Required action - Reproduction of part of the material below, pictures omitted: copy exactly, and only, the lines starting with the one with "Global CO2 emissions graph" and going on through the one with "航空機騒音測定局（到着ルート）近傍の最大騒音レベル 小中学校10か所".

Source data below:

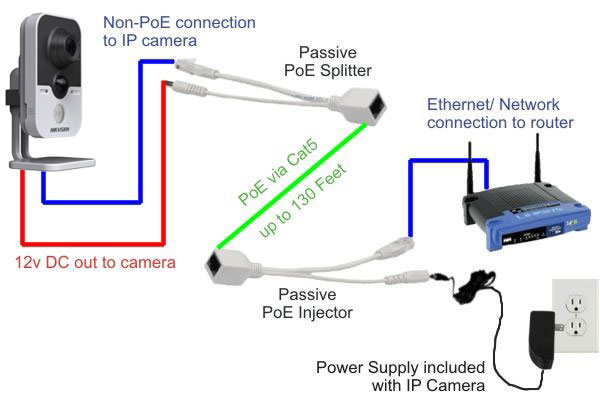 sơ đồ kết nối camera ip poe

End of Source data.
Source data below:

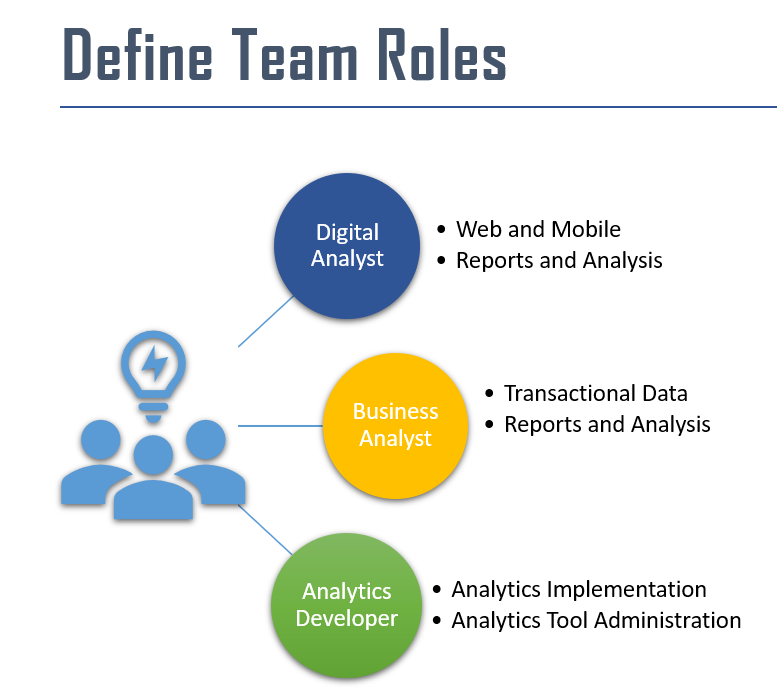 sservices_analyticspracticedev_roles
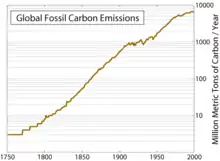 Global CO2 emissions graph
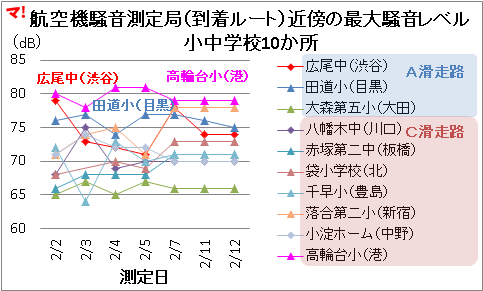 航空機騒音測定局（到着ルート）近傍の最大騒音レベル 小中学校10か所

End of Source data.
Source data below:

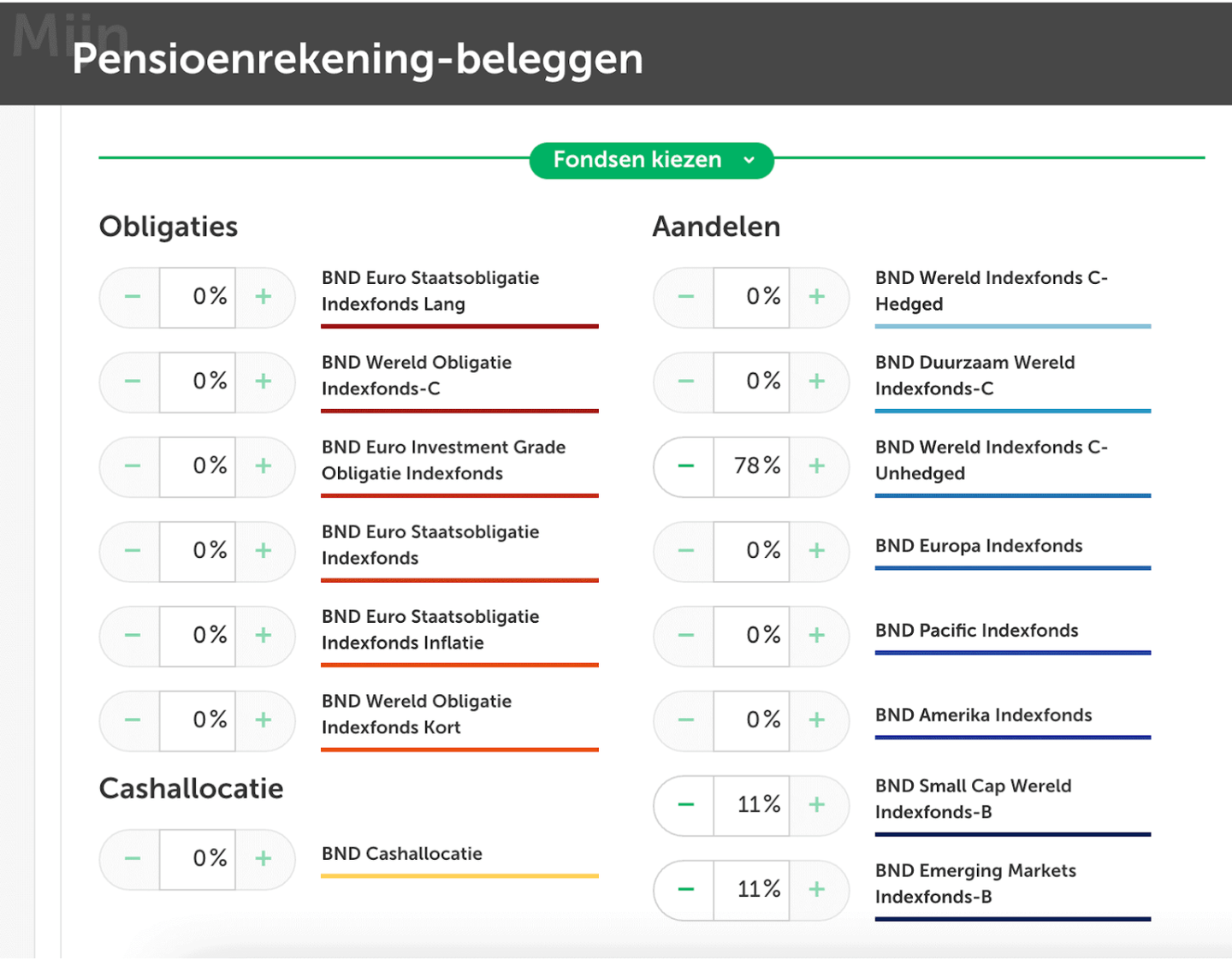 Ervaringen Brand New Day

End of Source data.

Exercise answer -
 Global CO2 emissions graph
 航空機騒音測定局（到着ルート）近傍の最大騒音レベル 小中学校10か所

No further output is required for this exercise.